YOUR GOAL:
Where the word "Stock" occurs in a line of the listing, please copy the line.

SUPPLIED MATERIAL:
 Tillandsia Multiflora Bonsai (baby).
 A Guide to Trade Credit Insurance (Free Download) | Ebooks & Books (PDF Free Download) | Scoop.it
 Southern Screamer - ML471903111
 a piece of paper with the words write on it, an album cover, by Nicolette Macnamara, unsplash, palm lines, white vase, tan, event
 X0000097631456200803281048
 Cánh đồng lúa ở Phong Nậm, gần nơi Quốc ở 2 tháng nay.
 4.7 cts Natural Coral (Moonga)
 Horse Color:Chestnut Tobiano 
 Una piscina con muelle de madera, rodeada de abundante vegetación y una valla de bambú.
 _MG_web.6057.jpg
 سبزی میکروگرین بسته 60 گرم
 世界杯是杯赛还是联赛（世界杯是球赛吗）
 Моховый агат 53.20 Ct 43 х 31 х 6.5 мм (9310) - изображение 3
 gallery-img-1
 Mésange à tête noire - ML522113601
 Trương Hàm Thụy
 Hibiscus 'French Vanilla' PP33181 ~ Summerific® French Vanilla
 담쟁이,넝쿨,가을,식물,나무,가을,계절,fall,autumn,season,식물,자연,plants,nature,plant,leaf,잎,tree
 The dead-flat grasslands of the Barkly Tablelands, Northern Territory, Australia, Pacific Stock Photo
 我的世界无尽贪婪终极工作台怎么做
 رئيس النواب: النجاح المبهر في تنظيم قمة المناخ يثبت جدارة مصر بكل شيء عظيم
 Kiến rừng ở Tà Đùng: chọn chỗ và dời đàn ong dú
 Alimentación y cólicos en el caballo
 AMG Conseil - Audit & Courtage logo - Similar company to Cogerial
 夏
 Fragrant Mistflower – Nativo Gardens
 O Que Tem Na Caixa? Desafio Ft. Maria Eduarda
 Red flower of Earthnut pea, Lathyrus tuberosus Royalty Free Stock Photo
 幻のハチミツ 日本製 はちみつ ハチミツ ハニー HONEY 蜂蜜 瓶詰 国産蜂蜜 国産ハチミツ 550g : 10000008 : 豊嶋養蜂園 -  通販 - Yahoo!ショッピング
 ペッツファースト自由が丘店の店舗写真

THE COMPLETED TASK:
 The dead-flat grasslands of the Barkly Tablelands, Northern Territory, Australia, Pacific Stock Photo
 Red flower of Earthnut pea, Lathyrus tuberosus Royalty Free Stock Photo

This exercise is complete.